Sounds similar with this.


----------



## unclewebb (Jul 7, 2014)

Do you have any of the C States enabled stasio?  RealTemp will report a fluctuating multiplier when the CPU is idle if any of the C States are enabled; C1E / C3 / C6 / C7. 

Do you have any other monitoring software running on your computer besides CPU-Z?  Intel CPUs use high performance monitoring timers but they are a shared resource so any program on your computer can access these timers and interfere with other monitoring programs on your computer getting accurate data from them.

Here's what an idle 4th Gen mobile CPU looks like when all of the C States are disabled.

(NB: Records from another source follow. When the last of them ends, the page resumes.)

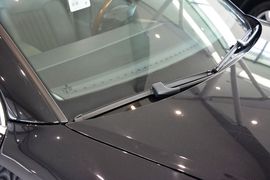 2014款大众辉腾3.0L行政型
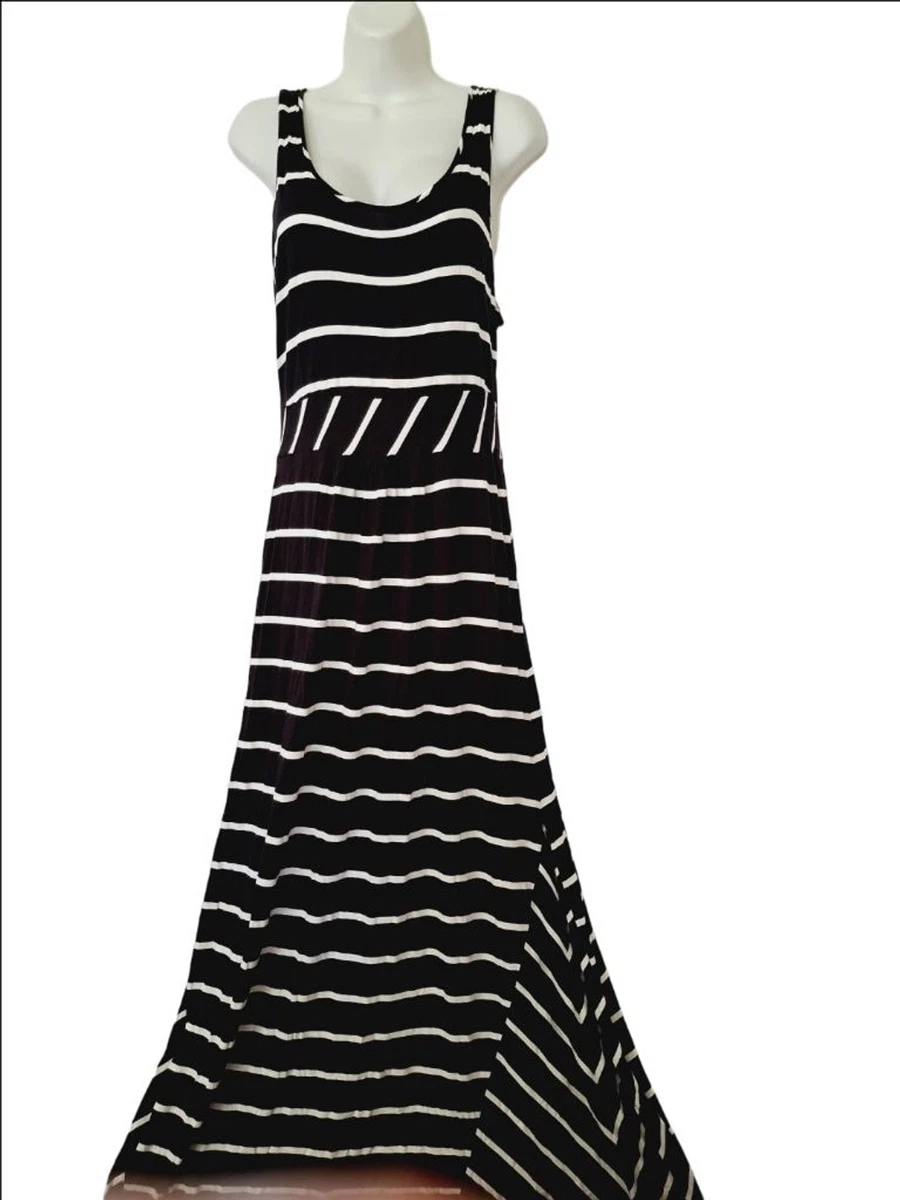 Old Navy Maternity Dresses for sale | eBay Old Navy Maternity Dresses for sale | eBay
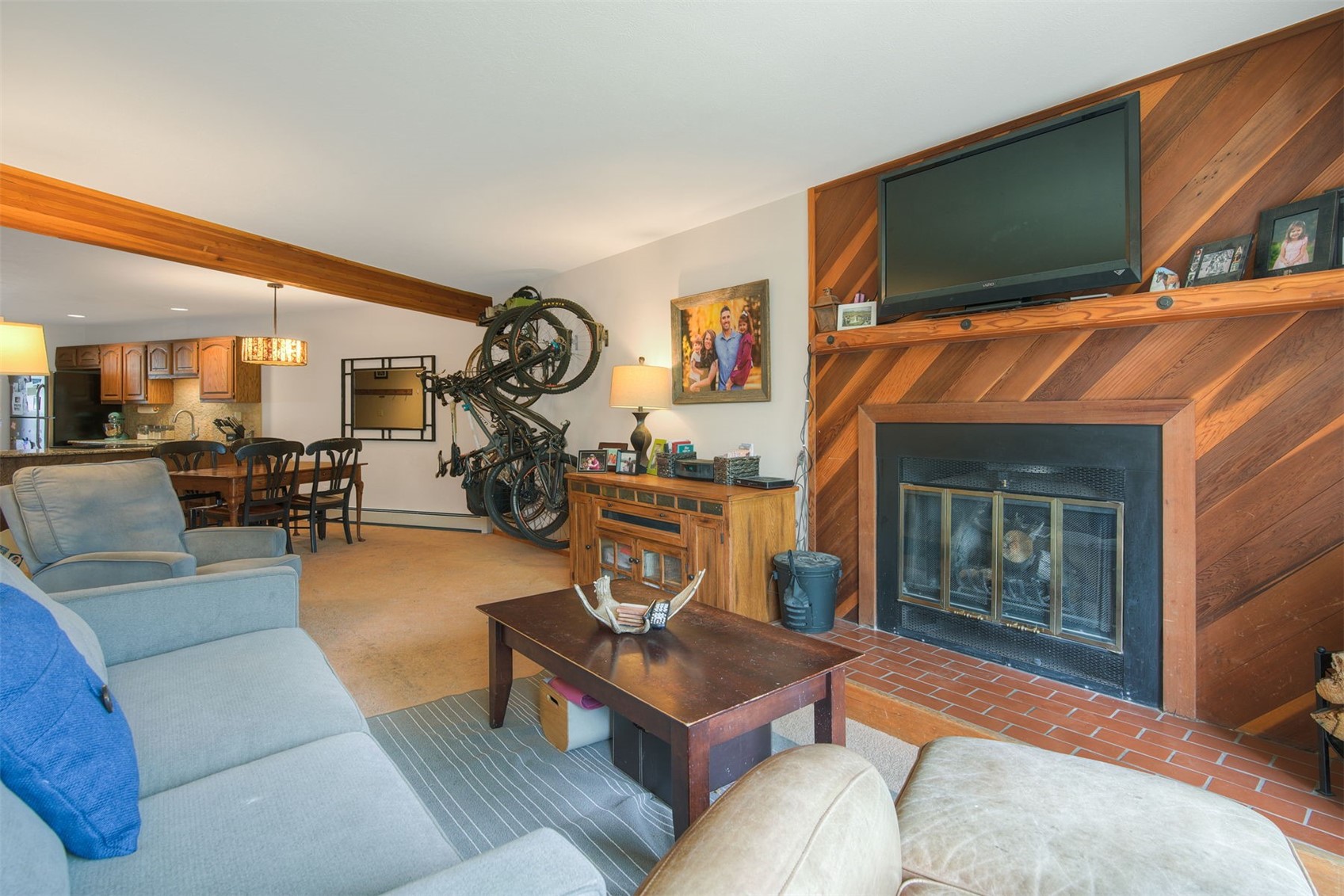 9460 Ryan Gulch Road Silverthorne CO 80498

All 8 threads are reporting a steady 34.00 multiplier.  When the C States are disabled, this locked CPU does not have access to the maximum 36 multiplier when 1 core is active or the 35 multiplier when 2 cores are active.  Instead, when overclocking with C States disabled, you get the 34 multiplier whether 1, 2, 3 or 4 cores are active.  This might be a good setting in the winter because the extra power consumption and heat keeps ones lap warm and toasty without having to light the fireplace.


----------



## stasio (Jul 10, 2014)

OK,thanks Uncle.
Yea,C3 is enabled.


----------



## stasio (Jul 14, 2014)

Haswell has TjMax...???
http://www.xtremesystems.org/forums...-Pentium-G3258-air-water-phase-change-amp-LN2

Please comment..


----------



## P4-630 (Jul 14, 2014)

stasio said:


> Haswell has TjMax...???
> http://www.xtremesystems.org/forums...-Pentium-G3258-air-water-phase-change-amp-LN2
> 
> Please comment..



Intel Pentium G3258 Tcase: 72 degrees Celsius

http://ark.intel.com/products/82723/Intel-Pentium-Processor-G3258-3M-Cache-3_20-GHz


----------



## unclewebb (Jul 15, 2014)

stasio - I answered your question on XtremeSystems.  Pushing the Defaults button in the RealTemp - Settings window will read the correct value of TJ Max from the processor.  It is 100C for all of the 4790K screen shots that I have seen so far.


----------



## stasio (Jul 15, 2014)

Yea,I saw...thanks uncle.


----------



## stasio (Sep 21, 2014)

Eight Core version ?....

Is there an 8 core version of Real Temp planned now that the i7 5960X is out?


----------



## unclewebb (Sep 22, 2014)

I actually wrote an 8 core version of RealTemp a few years ago.  The guy on XtremeSystems that I wrote it for decided that he didn't like it because it was too wide.  No kidding.  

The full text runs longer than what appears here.